Painting by Marie Bracquemond

The Lady in White (Le Dame en blanc), also known as The Woman in White, is an 1880 oil-on-canvas painting by French artist Marie Bracquemond. It depicts the artist's half-sister Louise Quivoron (b. 1849), who often served as a model for her paintings. It was one of three paintings by Bracquemond shown at the Fifth Impressionist Exhibition in April 1880. A previous painting, Woman in the Garden (1877), may have been a study for The Lady in White. Like other Impressionists, Bracquemond worked outside en plein air, mostly in her garden at Sèvres. The work received renewed attention in 2024, with a series of exhibitions in honor of the 150-year anniversary of the original Impressionist exhibitions.

==Background==
Marie Bracquemond (1840–1916) was a French artist who began painting in the 1850s. Unlike many of her contemporaries, she came from a working-class background and was mostly self-taught. She was initially influenced by Romanticism, which was in vogue at the time. She began by painting small medieval scenes, such as people reading (Note: Reading, also known as La Lecture, is dated to around 1870. It was exhibited at the Salon of 1875. It measures 42 x 38 cm (16.53 × 14.96 in). See Bouillon 2008, p. 232, and La Gazette Drouot 2024.) and portraits (Cervantes in Prison). Her interest in medieval art was likely influenced by her childhood near Ussel close to the ancient abbey Notre-Dame de Bonnaigue. Her style changed as she received training from Jean-Auguste-Dominique Ingres (1780–1867).
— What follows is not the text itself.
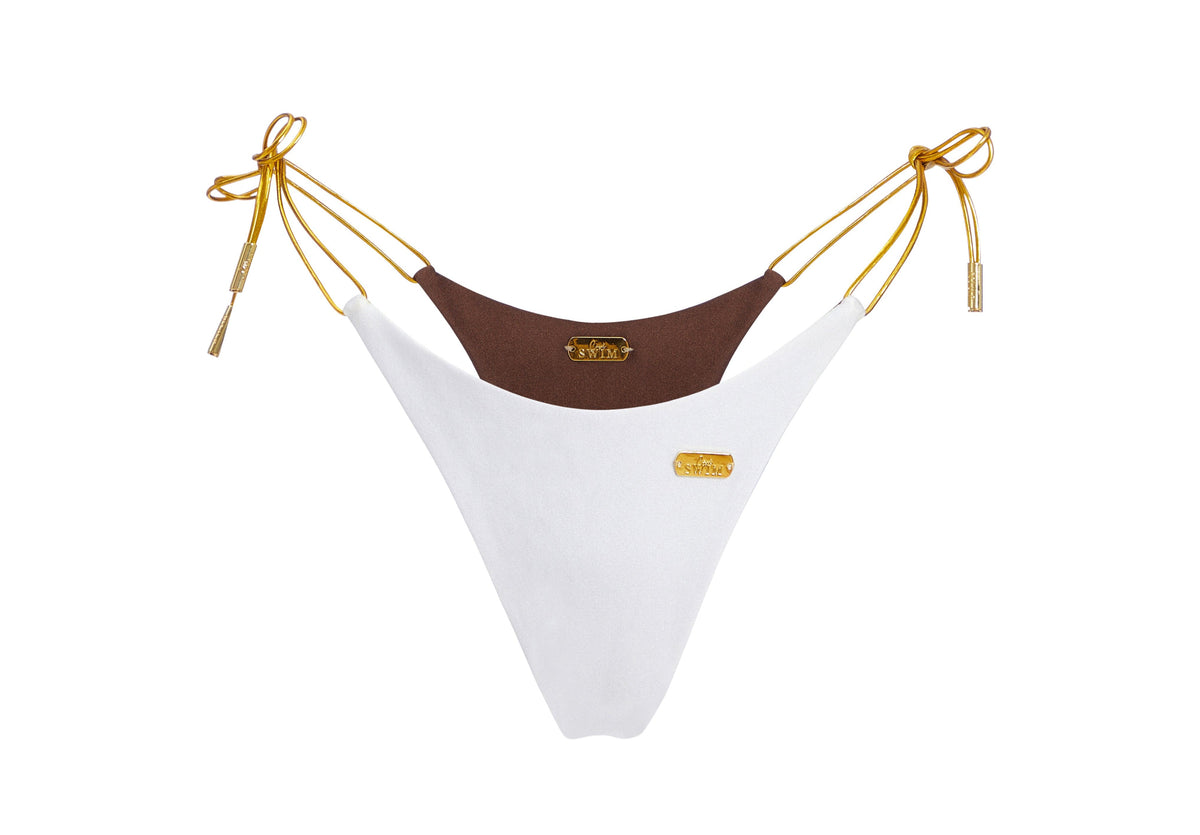 White/Chocolate Thongkini Bottom | Reversible (Sample Sale)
Most women artists in the late 19th century were discouraged from working outside the studio by themselves; this social convention limited their range of subjects. Bracquemond's study under Ingres was not helped, as he was known for saying he "doubted the courage and perseverance of women in the field of painting." Ingres wished to confine her in the studio to only painting "flowers, fruits, still lifes, portraits and genre scenes"—subjects and styles Ingres believed were suitable for women. This approach drove Bracquemond away from Ingres, leading her to abandon her study with him, but his influence of formalism remained visible in her early works like Portrait of the Mother, Aline Pasquiou-Quivoron (1860), which reveals her study of Rembrandt (1606–1669).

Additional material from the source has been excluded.